[Dataset records]
------------

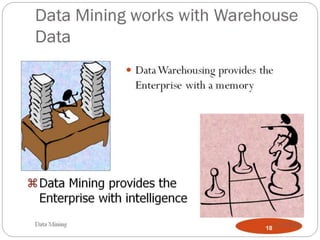 MIS / Data Mining
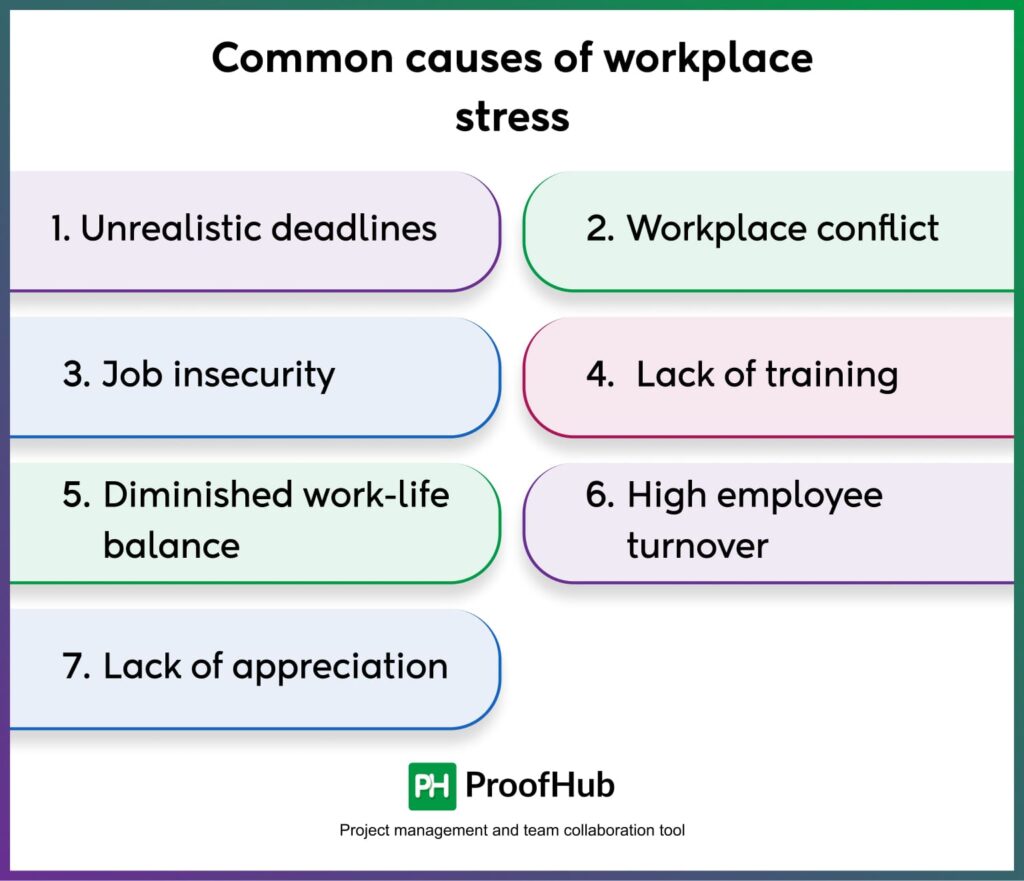Common causes of workplace stress
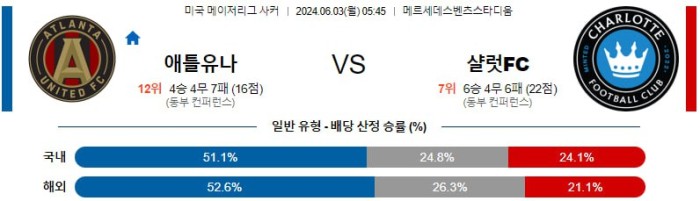 미국 메이저리그사커분석 6월3일 05:45 애틀랜타 vs 샬럿 분석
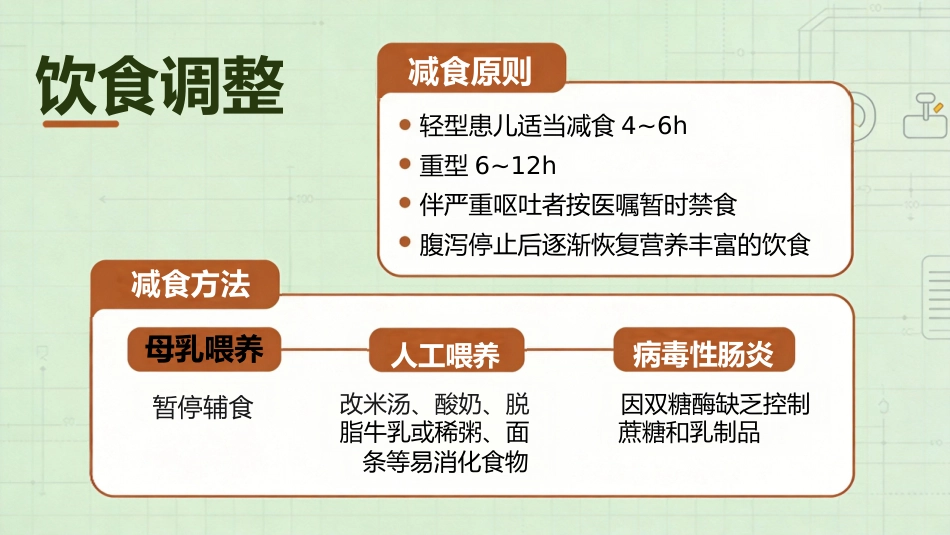 儿科疾病腹泻_第13页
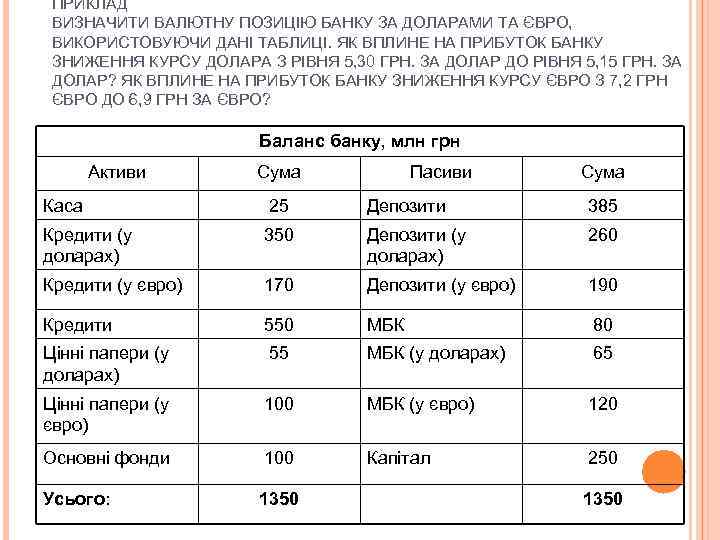 ПРИКЛАД ВИЗНАЧИТИ ВАЛЮТНУ ПОЗИЦІЮ БАНКУ ЗА ДОЛАРАМИ ТА ЄВРО, ВИКОРИСТОВУЮЧИ ДАНІ ТАБЛИЦІ. ЯК ВПЛИНЕ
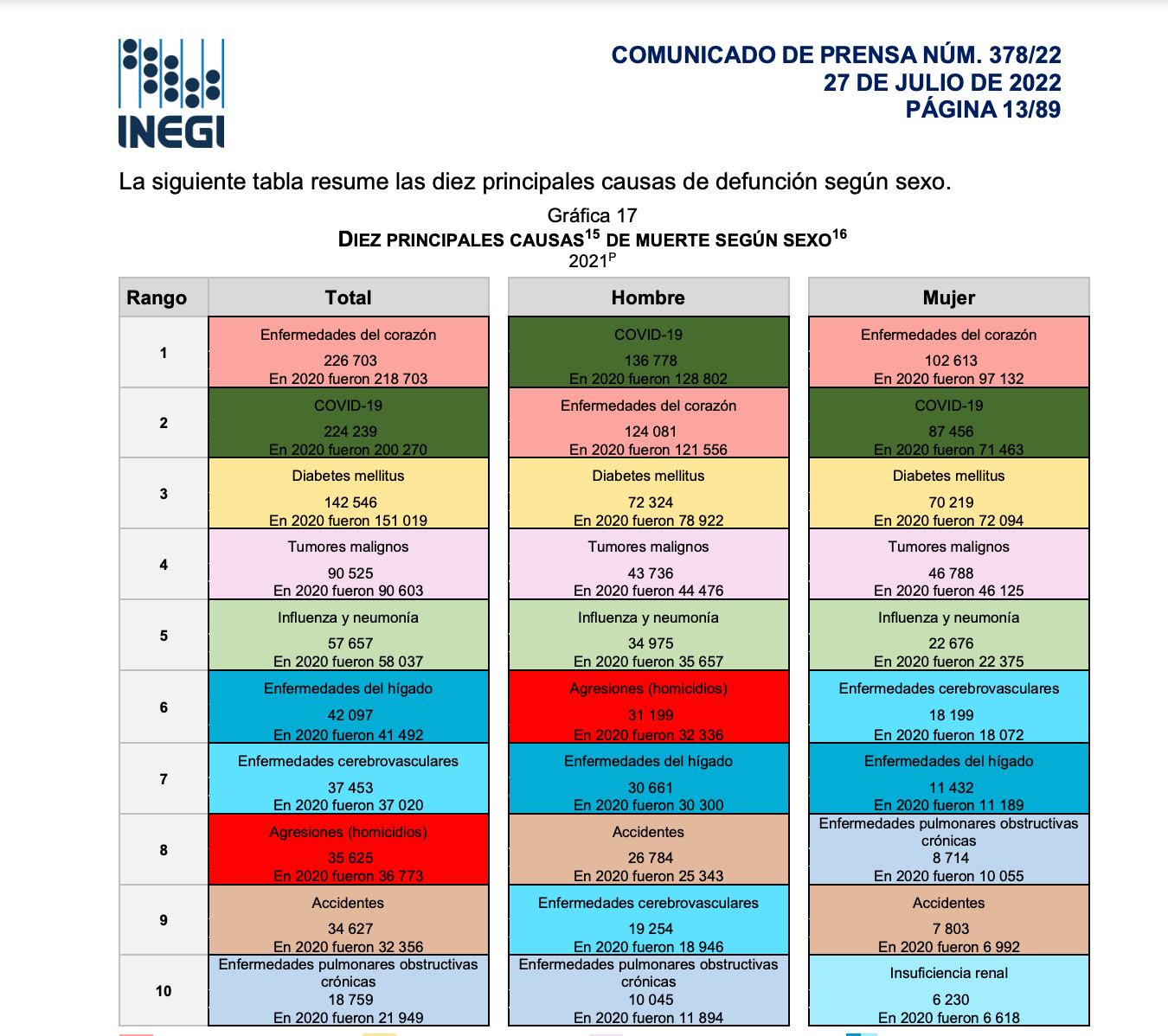 Las 10 principales causas de muerte en México 2021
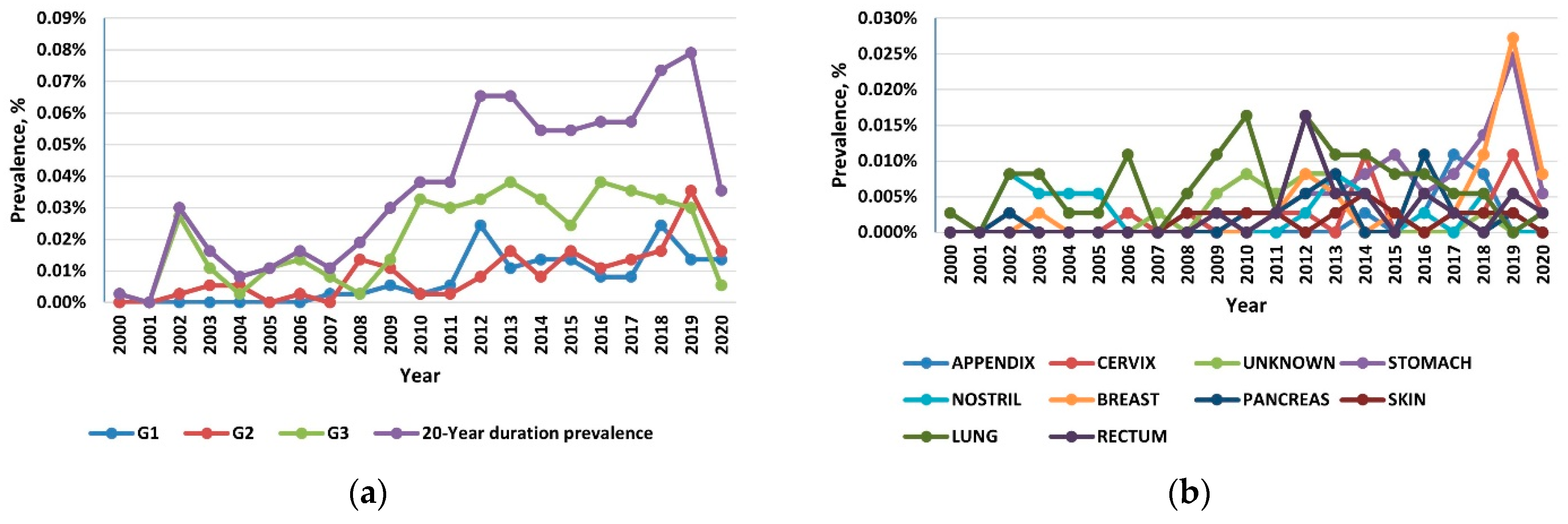 Healthcare 10 01569 g003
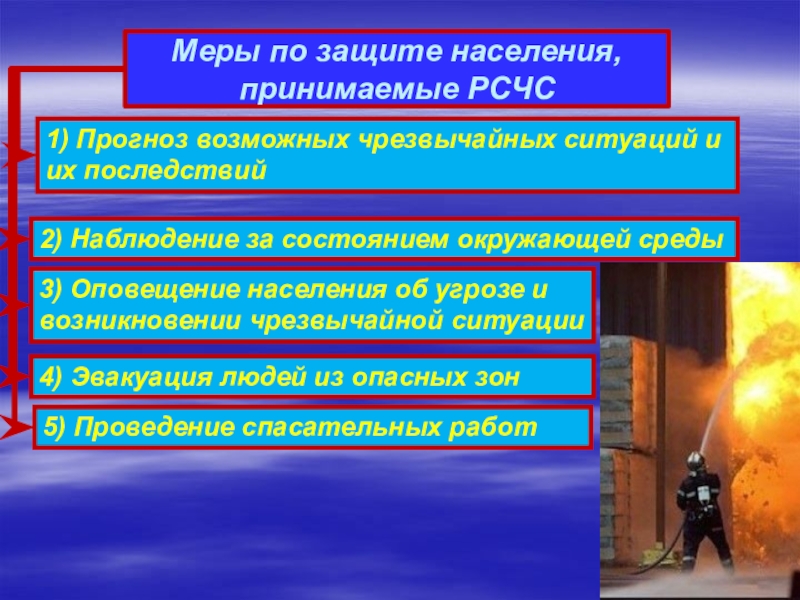 Защита населения и территорий от чрезвычайных ситуаций природного характера обж 10 кл презентация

------------

# PROMPT
Leave out the pictures, and give all the records again exactly.

# RESULT FOR THIS EXERCISE
 MIS / Data Mining
Common causes of workplace stress
 미국 메이저리그사커분석 6월3일 05:45 애틀랜타 vs 샬럿 분석
 儿科疾病腹泻_第13页
 ПРИКЛАД ВИЗНАЧИТИ ВАЛЮТНУ ПОЗИЦІЮ БАНКУ ЗА ДОЛАРАМИ ТА ЄВРО, ВИКОРИСТОВУЮЧИ ДАНІ ТАБЛИЦІ. ЯК ВПЛИНЕ
 Las 10 principales causas de muerte en México 2021
 Healthcare 10 01569 g003
 Защита населения и территорий от чрезвычайных ситуаций природного характера обж 10 кл презентация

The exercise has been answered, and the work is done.